** Opening DATA BLOCK block **

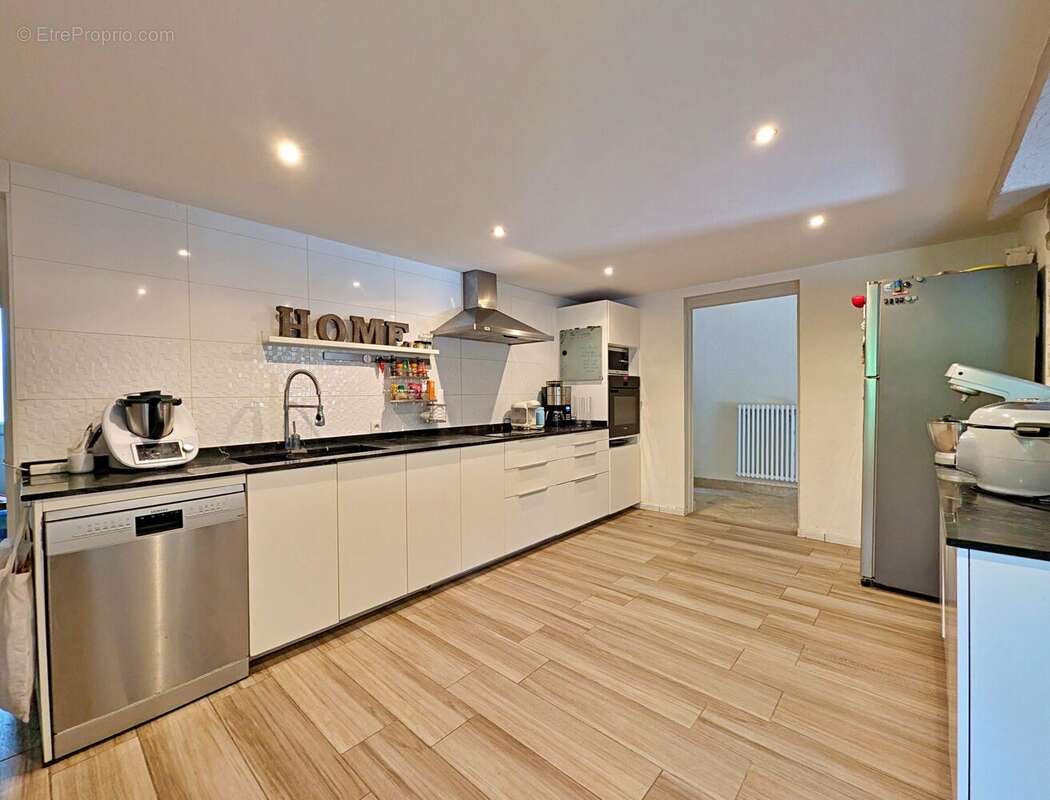 Maison à CHATEAUNEUF-SUR-ISERE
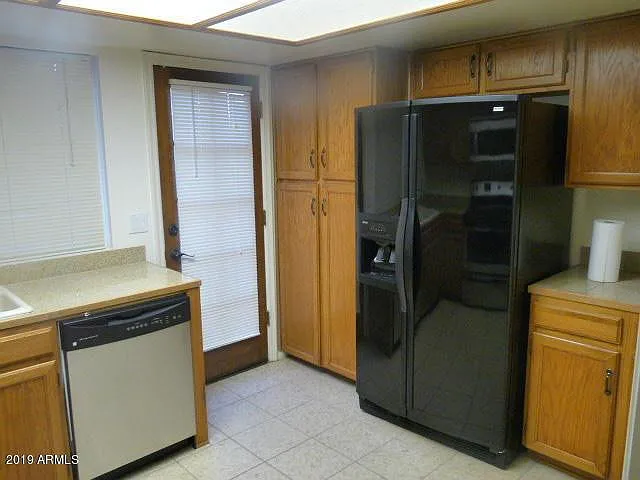 1631 N El Camino Dr — Photo 8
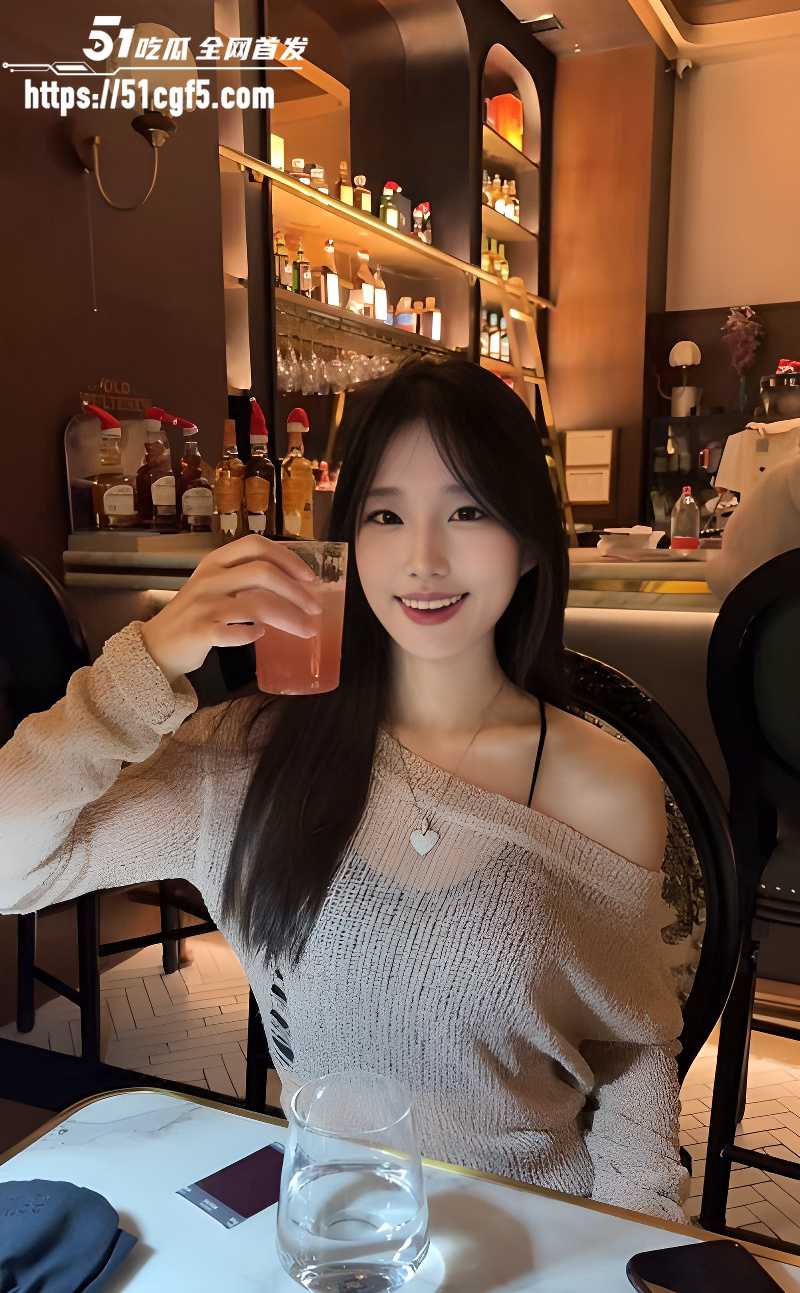 极品前女友 邓妤茜 凤凰古城酒店实拍 反差婊被蒙眼狂操躺床浪叫 头发凌乱骚到爆！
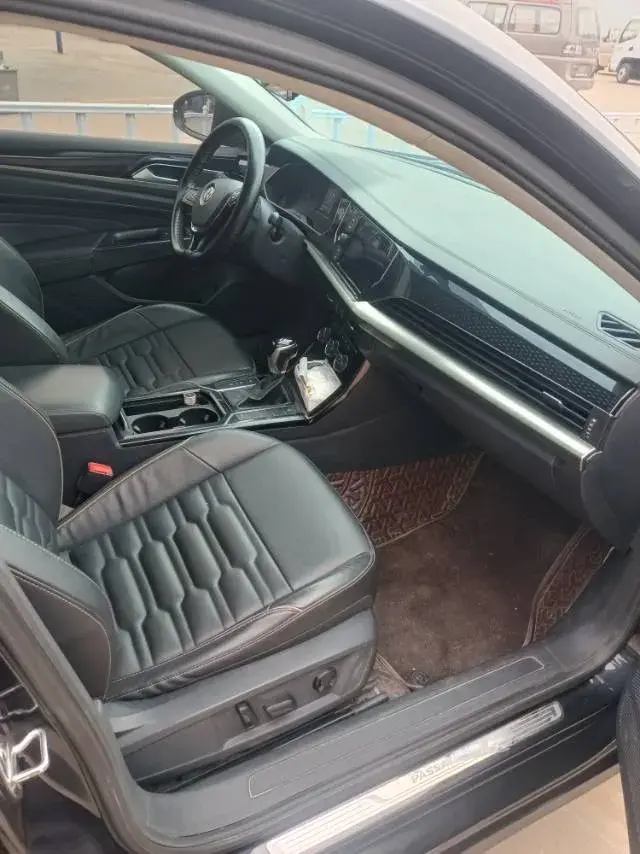 2019 VOLKSWAGEN PASSAT thumbnail 4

** Closing DATA BLOCK block **

Transcribe the data word for word, with no images.

SOLUTION BELOW>
 Maison à CHATEAUNEUF-SUR-ISERE
 1631 N El Camino Dr — Photo 8
 极品前女友 邓妤茜 凤凰古城酒店实拍 反差婊被蒙眼狂操躺床浪叫 头发凌乱骚到爆！
 2019 VOLKSWAGEN PASSAT thumbnail 4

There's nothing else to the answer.